Wenrich v. County of Los Angeles

PAEZ, Circuit Judge,

dissenting.

Although I agree with the majority that the applicable statute of limitations is one year under California law and that federal law determines when a claim accrues, I do not agree that Appellants’ § 1983 claim accrued when the city adopted its mandatory retirement policy in 1997. Therefore, I respectfully dissent.

The majority cites RK Ventures, Inc. v. City of Seattle, 307 F.3d 1045 (9th Cir. 2002), in support of its determination that Appellants’ claims are time barred. In RK Ventures, we held that the plaintiffs’ § 1983 claim alleging discriminatory enforcement of a public nuisance ordinance was time barred because the limitations period began to accrue from the date the city initiated abatement proceedings against the plaintiffs’ nightclub. Rather than considering whether the adoption of the ordinance was the operative decision, we focused on the initiation of the abatement proceedings and the start of the administrative hearing. We determined that the plaintiffs’ claims accrued when the city initiated abatement proceedings. Because the plaintiffs did not know that they would be injured by the ordinance when the city adopted it, the date of its enactment did not start the limitations period.
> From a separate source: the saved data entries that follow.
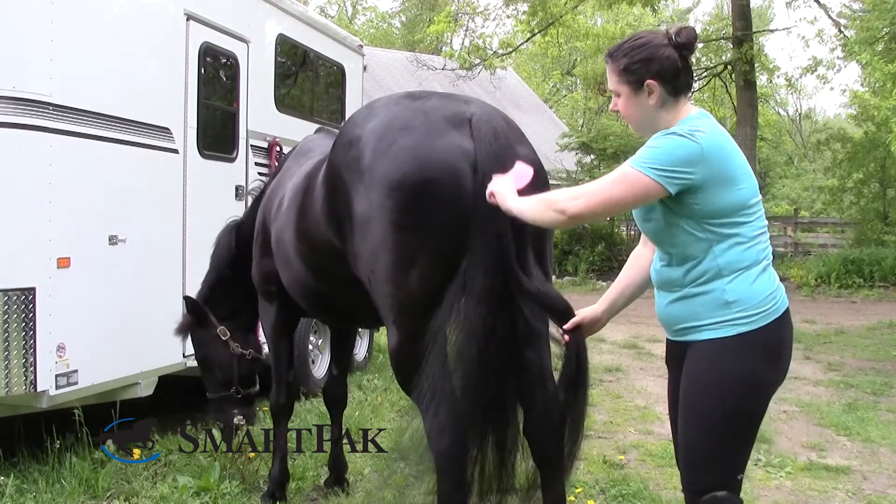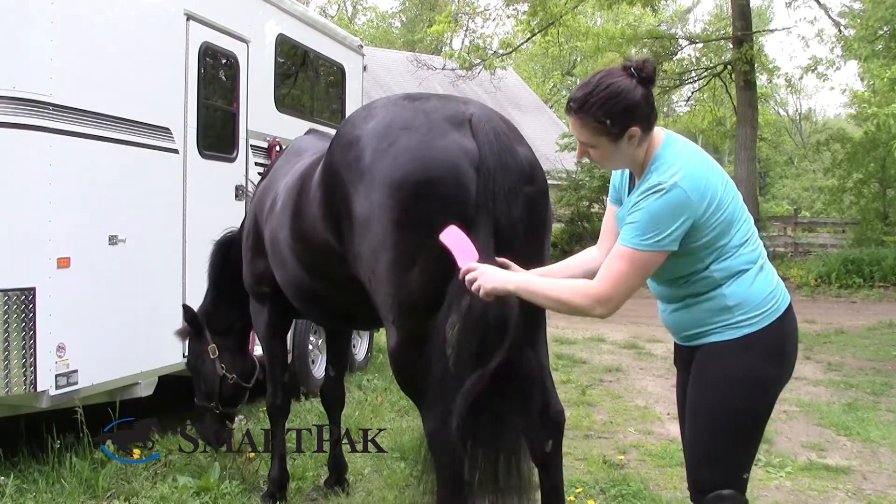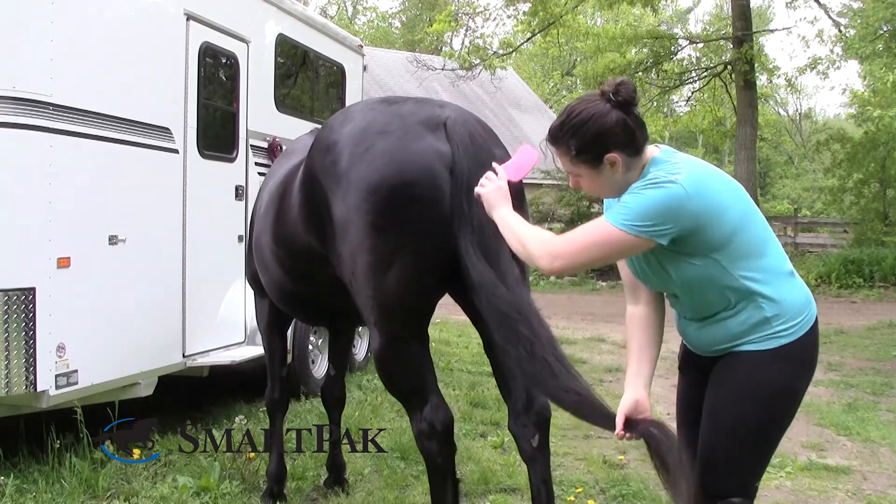Once you spray this on manes or tails, it's really easy to brush through without any damage. Plus, I love that it moisturizes, helping to prevent any itching or dryness.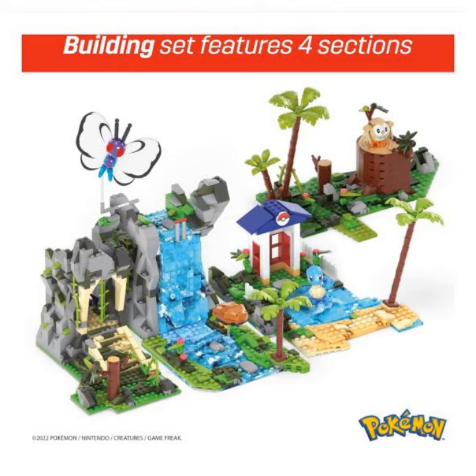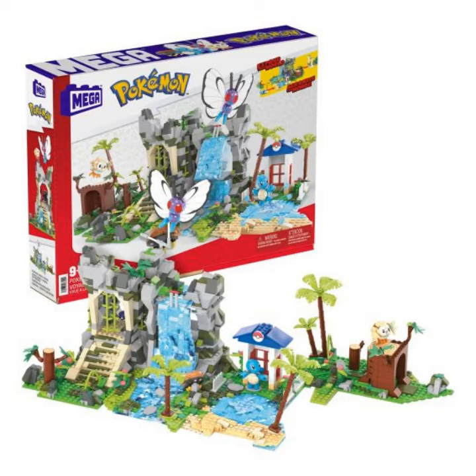The building set features 1347 bricks and pieces to build a huge environment with four sections that connect to open and close a cave and find a hidden great ball inside. Build a cave in the rainforest, a mountain with a waterfall and an entrance to the jungle ruins, a lake with a small beach and a forest.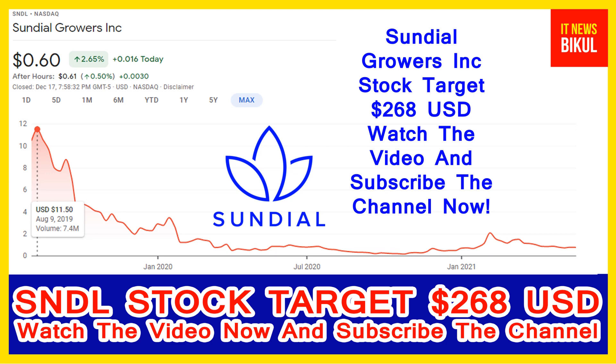You can buy SNDL stock as a cash segment, take delivery of SNDL stock in your Demat account, and just hold for the next 2 or 3 years. After 2 or 3 years, SNDL stock can be traded at 268 USD level. If you want, you can take a position now on SNDL stock and earn good profit after a few years.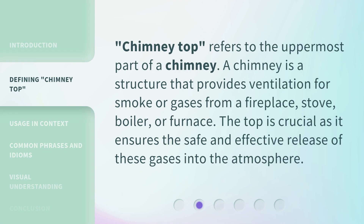'Chimney Top' refers to the uppermost part of a chimney. A chimney is a structure that provides ventilation for smoke or gases from a fireplace, stove, boiler, or furnace. The top is crucial as it ensures the safe and effective release of these gases into the atmosphere.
Although the facts of RK Ventures arise in a different context, the principle we recognized there applies to the present case. That is, Wenrich and Pechy did not know that they would be injured when the new policy was adopted because they were both years from the age of forced retirement. The majority’s disposition effectively penalizes Appellants for not predicting what their life situations would be when they turned 60 and then filing suit accordingly. This view of the operative decision in this context encourages litigation based on uncertain injury. Moreover, Pechy attempted to challenge the policy in 1997 shortly after it was implemented. However, Appellee-Los Angeles County Employees Retirement Association (“LACERA”) rejected this attempt and informed him that he “could not take any actions at that time to contest the mandatory retirement policy because [he] was not a victim of discrimination unless and until [he] was actually impacted by the policy.” Wenrich and Pechy filed their claims within one year of the point at which their injury became certain, that is, when they were constructively forced to retire, which is tantamount to the operative decision in RK Ventures. In my view, their claims are not time barred.